[DATA BLOCK]
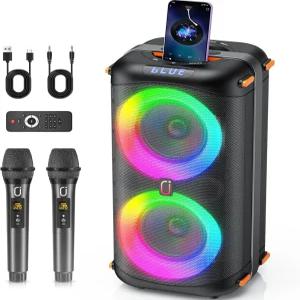 무선 마이크 2개 포함 노래방 기계 가정/파티/야외용 휴대용 블루투스 5.3 스피커 에코 조절/LED 조명 탑재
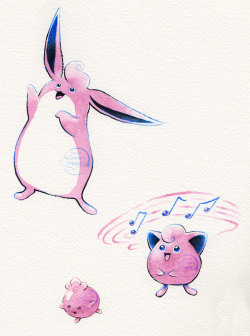 gracekraft: This week’s Johtodex update features everyone’s favorite singing balloon fairies, the Jigglypuff line!  I’ve always had a fondness for Wigglytuff’s adorable design and Jigglypuff has always been my dad’s favorite Pokemon, so these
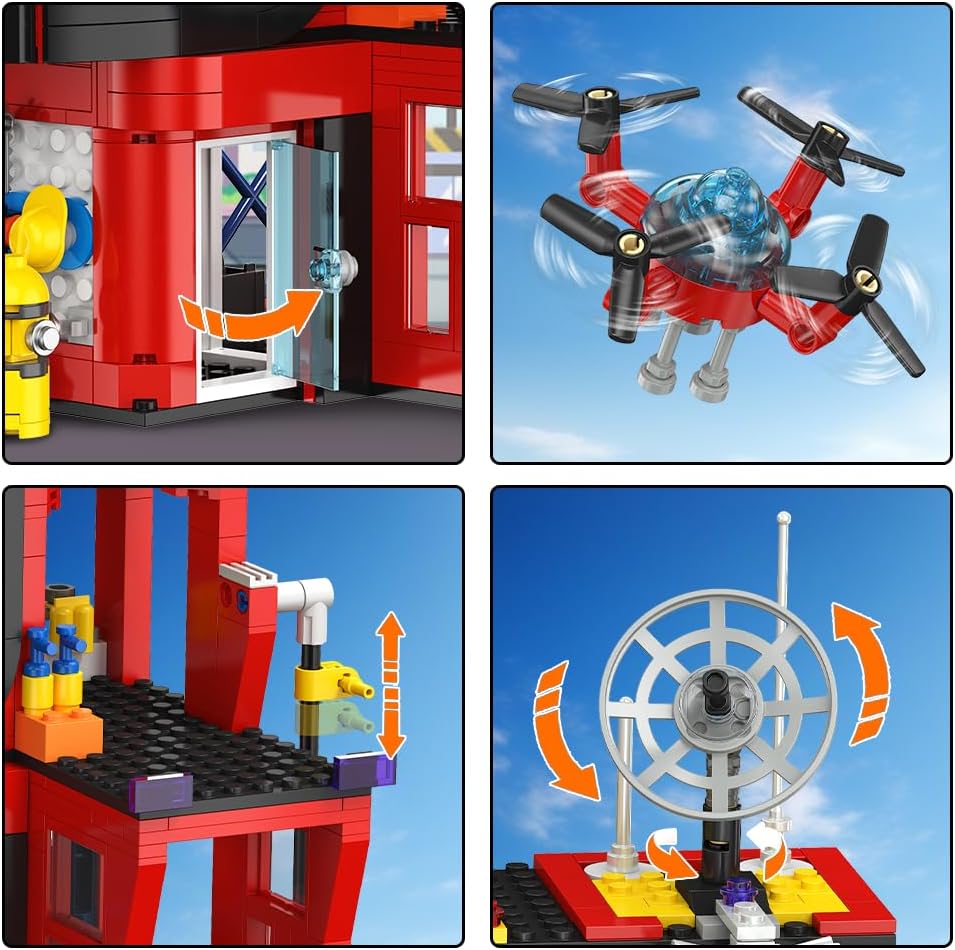 HiWEEGO 3 in 1 City Fire Rescue Plane Building Set, 803 PCS Airplane Building Blocks Kits Toys with Helicopter Fire Station & Truck, Birthday for 6+ Kids Boys Girls Fans of Firefighter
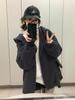 Women's Gray Hooded Cardigan Sweatshirt - Autumn 2026 Korean Style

[PROBLEM STATEMENT]
Skip every picture and retype only the lines from the line with "HiWEEGO 3 in" through the last line of the listing, both ends included, exactly as they appear.

[RESPONSE TO THIS EXERCISE]
 HiWEEGO 3 in 1 City Fire Rescue Plane Building Set, 803 PCS Airplane Building Blocks Kits Toys with Helicopter Fire Station & Truck, Birthday for 6+ Kids Boys Girls Fans of Firefighter
 Women's Gray Hooded Cardigan Sweatshirt - Autumn 2026 Korean Style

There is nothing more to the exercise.